Units will feature polished concrete floors. Because of its mass and rigidity, concrete is especially effective in reducing unwanted noise and sound transmission. Sound control is one of the most important components affecting residents’ quality of life.
The key design component to making the Second and Delaware project super energy efficient is using passive building standards. Its 16-inch thick walls are built with two layers of concrete and a layer of insulation between them.
Energy costs are projected to be 70 to 80% less than other residential buildings.
Passive House Institute construction is a more energy-efficient system than the highest LEED building standard.
Because of the use of concrete, the building is expected to withstand all types of extreme weather and last 200 years.
What is a passive house?
A passive building comprises a set of design principles used to attain a quantifiable and rigorous level of energy efficiency within a specific, quantifiable comfort level. “Optimize your gains and losses” based on climate summarizes the approach.

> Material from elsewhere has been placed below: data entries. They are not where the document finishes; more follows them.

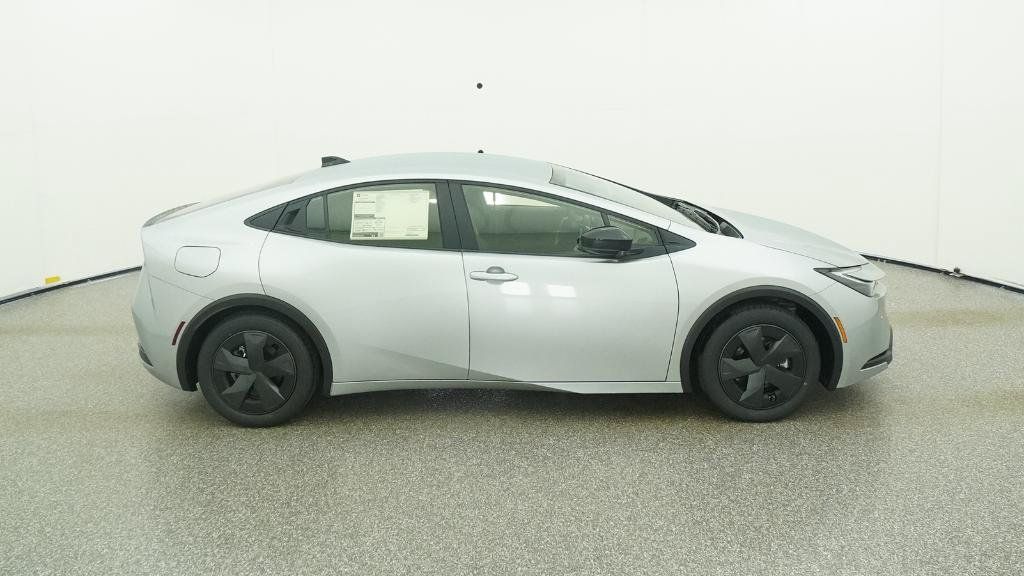New 2026 Toyota Prius Plug-In Hybrid FWD image 14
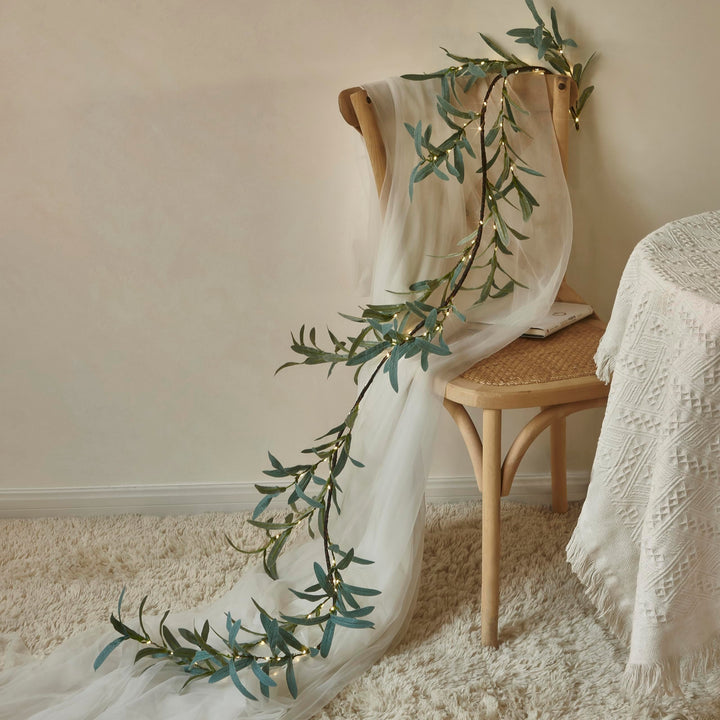 BowLift | OliveMystique Table Lamp - Natural Elegance for Every Room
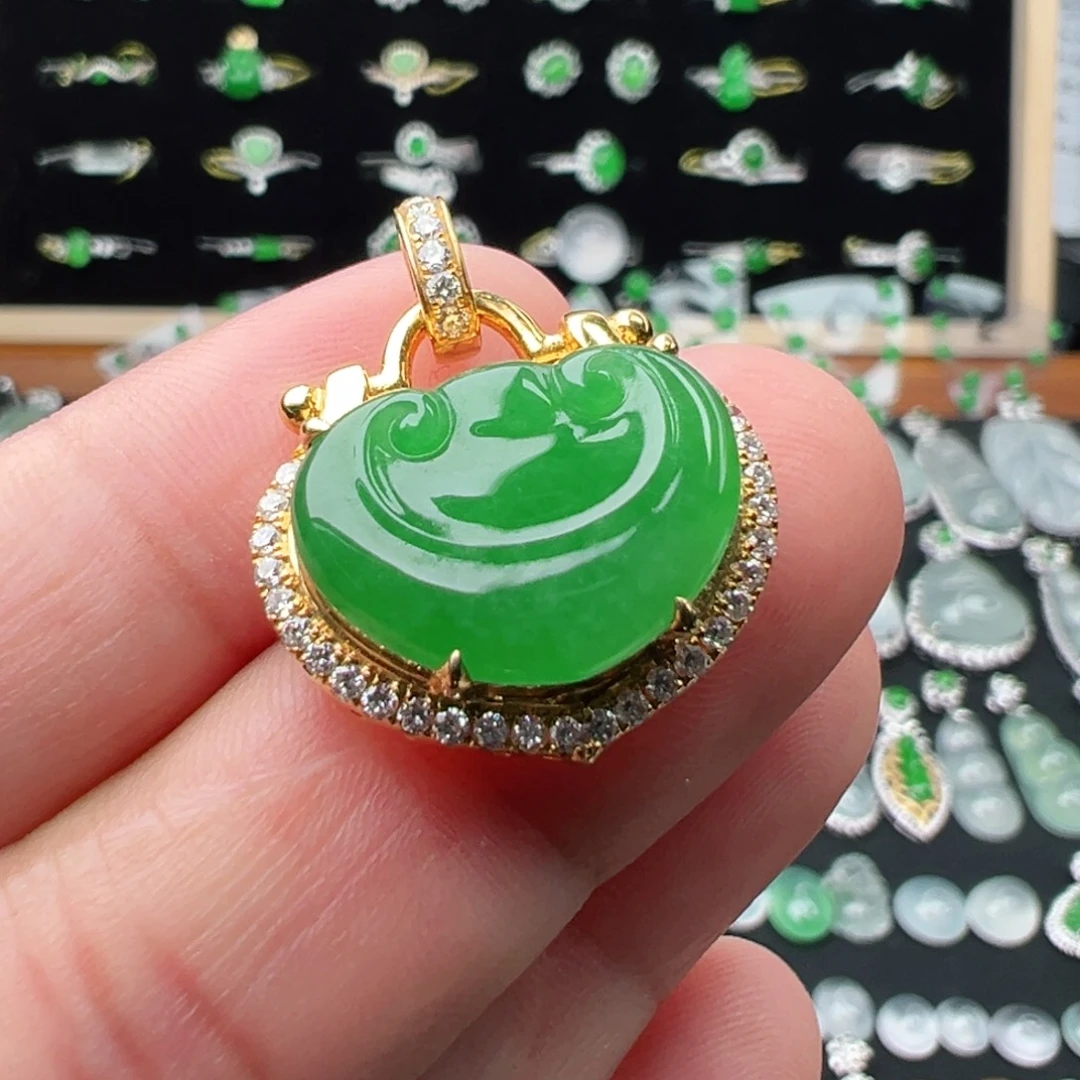 颈饰18K金镶嵌翡翠裸石12.6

To that end, a passive building is designed and built in accordance with specific building-science principles.
It employs continuous insulation throughout its entire envelope without any thermal bridging.
The building envelope is extremely airtight, preventing infiltration of outside air and loss of conditioned air. It employs high-performance windows (double- or triple-paned windows, depending on climate and building type) and doors. Solar gain is managed to exploit the sun’s energy for heating purposes in the warm season and to minimize overheating during the cool season. It uses some form of balanced heat- and moisture-recovery ventilation. It uses a minimal space conditioning system. Passive building principles can be applied to all building typologies, from single-family homes to multi-family apartment buildings to offices to skyscrapers.
Passive design strategy carefully models and balances a comprehensive set of factors, including heat emissions from appliances and occupants, to keep the building at comfortable and consistent indoor temperatures throughout the warm and cool seasons.
As a result, passive buildings offer tremendous long-term benefits in addition to energy efficiency:
- Superinsulation and airtight construction provide unmatched comfort even in extreme weather conditions
- Continuous mechanical ventilation of filtered air provides superb indoor air quality
- A comprehensive systems approach to modeling, design, and construction produces resilient buildings
Passive building principles offer the best path to Net Zero and Net Positive buildings by minimizing the load that renewables are required to provide.